Best way to send Frame over Tcp Stream?

I have two programes , the client programe will send data to server programe over TCP. Since TCP is stream-based and my data is defined as frame, it occurs that two frames are in the same TCP package.

I am trying to find a solution for this. Here are some ideas, but I'm not sure if they fit my situation.

  1. Implement encoding and decoding by some crate. tokio_util::codec seems to be the best solution. But the question is , the server programe is async (implemented by tokio), the client is sync (just use std::net). The tokio_util can't be used in sync code, is there any other crate could work?

  2. Similar to length_delimited, Send the data length before data.
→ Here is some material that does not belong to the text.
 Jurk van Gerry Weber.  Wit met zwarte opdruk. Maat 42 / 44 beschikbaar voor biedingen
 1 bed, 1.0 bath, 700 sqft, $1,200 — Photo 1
The server read the length first, then read the data of specified length from stream.

    let len = stream.read_u64().await.unwrap() as usize;
    let mut buf = Vec::with_capacity(len);
    stream.read_exact(&mut buf).await.unwrap();

If so,buf needs to be dynamically allocated every time data reach.I'm worried this will have performance issues.
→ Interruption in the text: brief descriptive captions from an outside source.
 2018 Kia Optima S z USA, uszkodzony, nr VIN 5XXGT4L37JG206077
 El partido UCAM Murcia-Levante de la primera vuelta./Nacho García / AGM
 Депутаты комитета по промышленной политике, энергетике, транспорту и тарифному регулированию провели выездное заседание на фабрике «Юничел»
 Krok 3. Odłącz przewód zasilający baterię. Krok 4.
  1. Similar to #2 , Copy all data to a buffer when recieved, then read the length and data form the buffer.
    But if the frame data is divided into two TCP packages, I need some extra code to solve it.(maybe a state machine is needed)

This seems like a simple question, but I can't find a graceful and simple solution. I really need some advice about it..
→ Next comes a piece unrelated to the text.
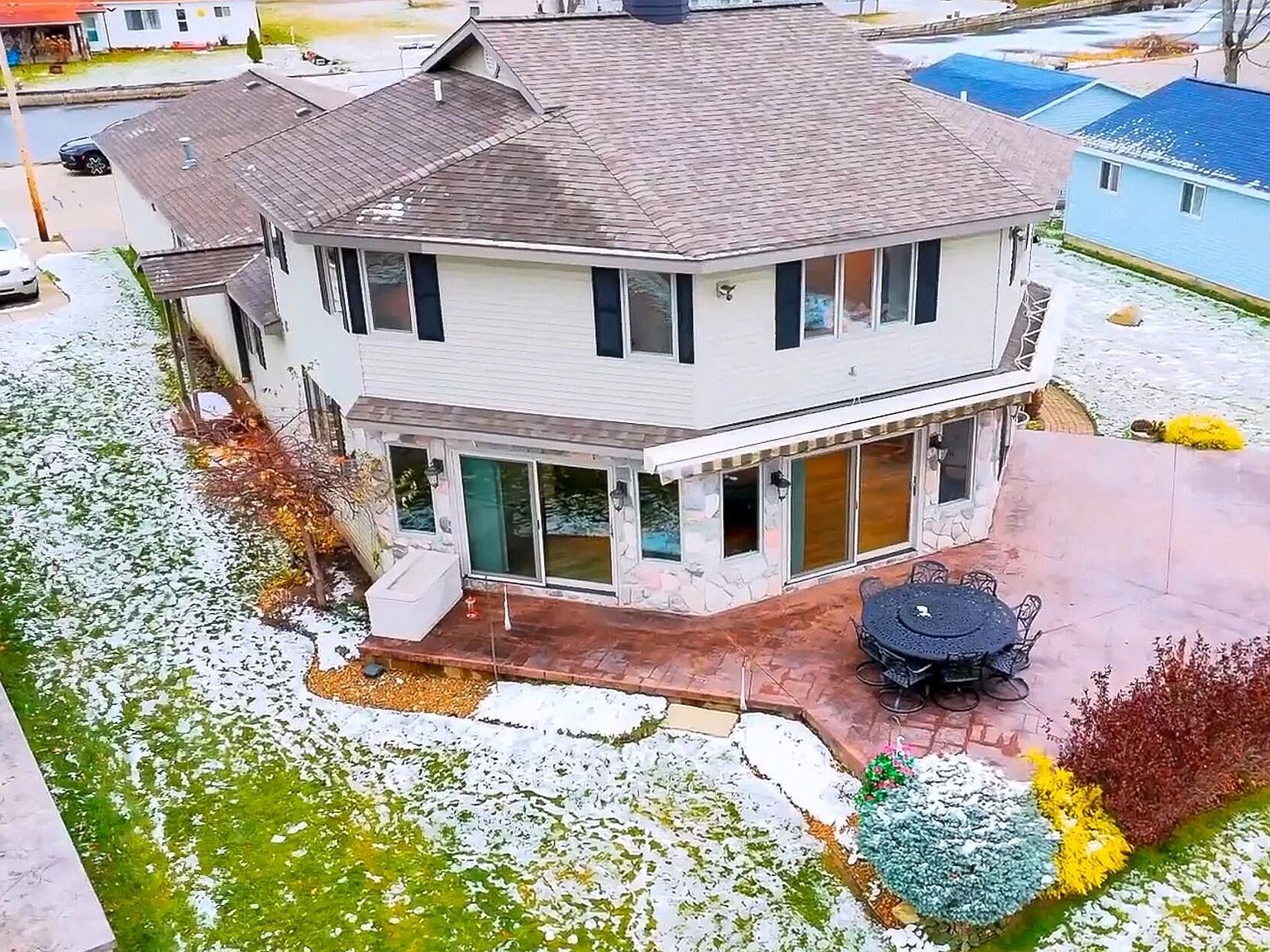 4690 Birchcrest Dr Houghton Lake, MI 48629 - Thumbnail 3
There are a couple of things that are true regardless of packet splitting:

  • If you know the size of the data to be expected, then you can use an array
  • If you have an upper limit on the data size, you can still use an array. This may be inefficient if there are outliers in the data size distribution.
  • If the data size can be anything, you have to use a Vec.

This is fairly clean.

The code for this isn't too bad either.

It would not be especially difficult to write a synchronous version of tokio_util::codec::Framed. You can still use the Encoder/Decoder traits from tokio-util.

As for your second option, this is pretty common. The trick is to reuse the vector so that you don't have to allocate every time.

Thanks for you two guys! I didn't consider using array as buff.

    let mut data_buffer = [0; 256];
    let len = stream.read_u64().await.unwrap() as usize;
    stream.read_exact(&mut data_buffer[0..len]).await.unwrap();

This code could work now, I'm not sure if it's stable enough. I 'll use "tokio_util::codec::Framed" to improve the code!